Originally commissioned by Napoléon Bonaparte, the iconic structure in Paris changed hands multiple times before its completion 180 years ago

It was exactly 180 years ago today that the Arc de Triomphe was inaugurated in Paris as a symbol of the France’s military strength. Situated in the center of the Place Charles de Gaulle, at the western end of the Champs-Élysées, the Arc de Triomphe has become one of the most recognizable monuments in the world. Yet, the 30 years it took to create the structure were full of drama and setbacks. It all began in 1806, when the first stone was symbolically placed on August 15, Napoléon Bonaparte’s birthday. As the emperor of France and a strong proponent of public art, Napoléon had commissioned architect Jean Chalgrin to design the military monument. Inspired by the Arch of Titus, which was built in the first century in Rome, Chalgrin’s neoclassical vision consisted of a single arched building that used its four columns not for decorative purposes but as a practical means to support the entire structure.

The grand project was halted when Chalgrin died, and in 1814, Napoléon lost the throne. For a decade, construction completely ceased. That continued until King Louis XVIII called for work to begin once more.
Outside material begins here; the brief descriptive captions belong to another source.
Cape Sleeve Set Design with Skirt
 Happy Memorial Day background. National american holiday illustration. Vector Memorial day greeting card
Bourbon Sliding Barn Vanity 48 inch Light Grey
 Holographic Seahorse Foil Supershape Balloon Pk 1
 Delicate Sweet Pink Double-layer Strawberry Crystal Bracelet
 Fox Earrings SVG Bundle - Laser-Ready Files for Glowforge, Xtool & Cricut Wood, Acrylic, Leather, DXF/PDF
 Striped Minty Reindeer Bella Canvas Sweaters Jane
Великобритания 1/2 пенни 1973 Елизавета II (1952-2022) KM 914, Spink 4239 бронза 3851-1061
In a departure from Napoleon’s initial vision, King Louis XVIII hired architect Jean-Nicolas Huyot (a former student of Chalgrin) to complete the project; the ruler also dedicated the massive work of public art to his nephew, who had just led a strong military campaign in Spain.

In July of 1830, a revolution swept through France, and Louis-Philippe became the new ruler. Under his watch, Huyot was fired as lead architect and replaced by Guillaume-Abel Blouet in 1832, with Chalgrin’s original plans carried out to completion four years later.